As chemistry has gotten more advanced and the chemical reactions more complex, it’s no longer always practical for researchers to sit down at a lab bench and start mixing chemicals to see what they can come up with.
Tom Miller, a professor of chemistry at Caltech; Matt Welborn, a postdoctoral scholar at the Resnick Sustainability Institute; and Lixue Cheng, a chemistry and chemical engineering graduate student, have developed a new tool that uses machine learning to predict chemical reactions long before reagents hit the test tube.
Theirs isn’t the first computational tool developed to make chemistry predictions, but it does improve on what is already in use, and that matters because these sorts of predictions are having a big impact in the field.
“They allow us to connect underlying microscopic properties to the things we care about in the macroscopic world,” Miller says. “These predictions allow us to know ahead of time if one catalyst will perform better than another one and to identify new drug candidates.”
They also require a lot of computational heavy lifting. Miller points out that a substantial fraction of all supercomputer time on Earth is dedicated to chemistry predictions, so increases in efficiency can save researchers a lot of time and expense.
The work of the Caltech researchers essentially provides a change of focus for prediction software. Previous tools were based around three computational modeling methods known as density functional theory (DFT), coupled cluster theory (CC), or Møller–Plesset perturbation theory (MP2). Those theories represent three different approaches to approximating a solution to the Schrödinger equation, which describes complex systems in which quantum mechanics plays a big role.
Each of those theories has its own advantages and disadvantages. DFT is something of a quick-and-dirty approach that gives researchers answers more quickly but with less accuracy. CC and MP2 are much more accurate but take longer to calculate and use a lot more computing power.
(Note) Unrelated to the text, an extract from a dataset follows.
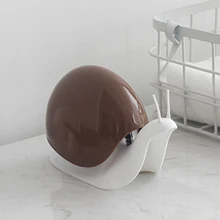 Ванная комната шампунь диспенсер форма улитки мыло для рук жидкий шампунь душевой контейнер DTT88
Miller, Cheng, and Welborn’s tool threads the needle, giving them access to predictions that are more accurate than those created with DFT and in less time than CC and MP2 can offer. They do this by focusing their machine-learning algorithm on the properties of molecular orbitals—the cloud of electrons around a molecule. Already existing tools, in contrast, focus on the types of atoms in a molecule or the angles at which the atoms are bonded together.
So far, their approach is showing a lot of promise, though it’s only been used to make predictions about relatively simple systems. The true test, Miller says, is to see how it will perform on more complicated chemical problems. Still, he’s optimistic on the basis of the preliminary results.
“If we can get this to work, it will be a big deal for the way in which computers are used to study chemical problems,” he says. “We’re very excited about it.”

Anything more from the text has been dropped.